In the blog post ‘Network monitoring with SNMP: Stories from hell’ we presented some problems that occur in SNMP monitoring which are often the result of poor implementations of the protocol by the manufacturers. In addition, we have provided detailed instructions for debugging SNMP problems. In this post we will now take a look inside the crystal ball: After all, SNMP has been in use for over 30 years as the de facto standard for monitoring network components – with all of its advantages and disadvantages.
Although SNMP is considered to be non-performant and insecure for various reasons and it also reaches its limits when it comes to scalability, there has been no successful attempt to replace the protocol as such in all this time. With SNMP v2c and v3 there are only extensions.

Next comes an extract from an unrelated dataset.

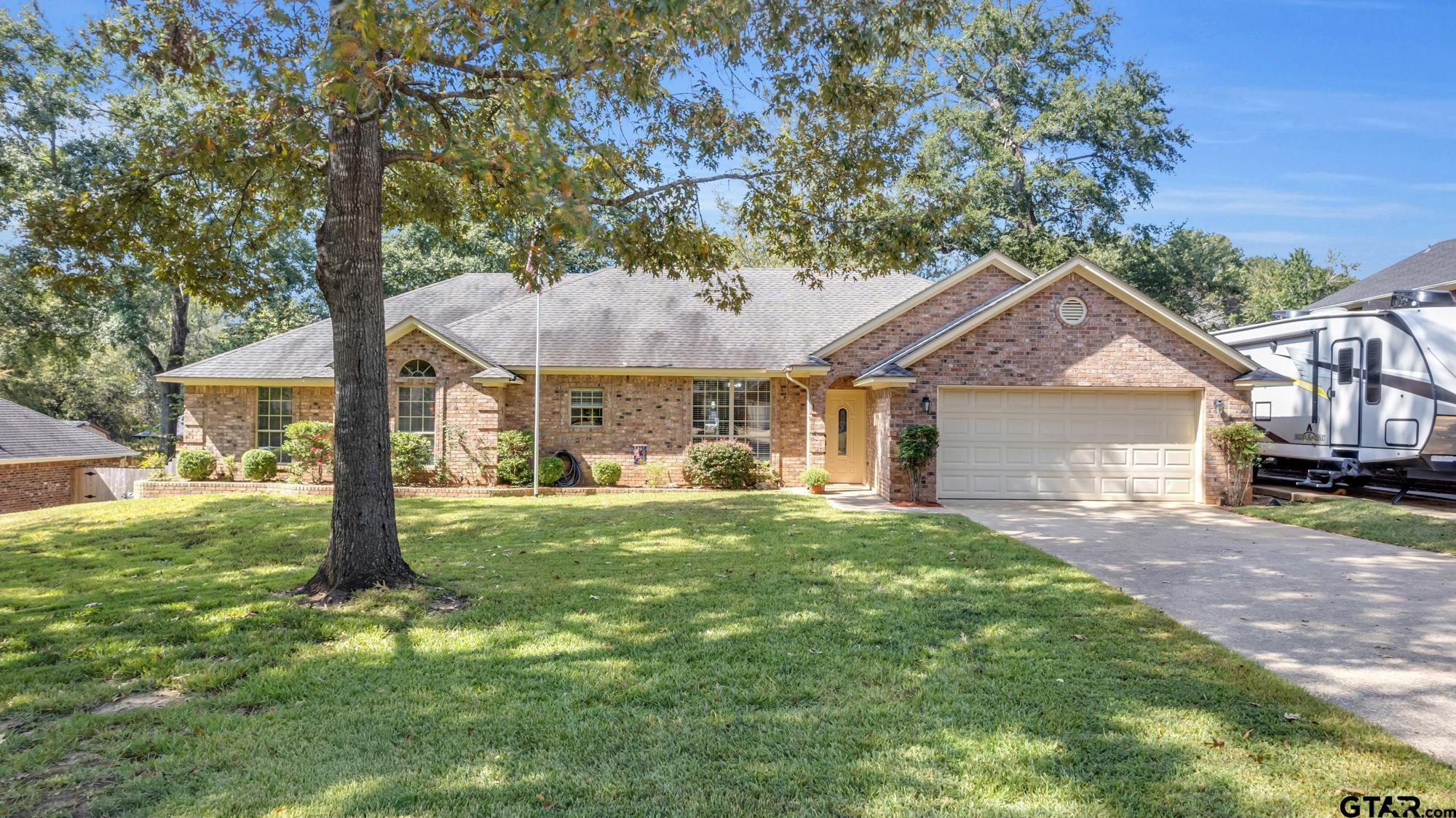 Corey Dr, Whitehouse, TX 75791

Although various manufacturers offer proprietary interfaces for remote access to their network devices, a uniform approach, such as that which has been available since 2015 with Redfish in server monitoring, is still missing for network monitoring.
Redfish is a specification for the remote maintenance of server systems via a REST-API, which will sooner or later replace the Intelligent Platform Management Interface (IPMI) protocol. It also provides a standardized programming interface for remote server maintenance, delivers schema-based output that is also human-readable, and can also be used for client applications as well as browser-based GUIs. The transmission of data in JSON format is done via HTTPS.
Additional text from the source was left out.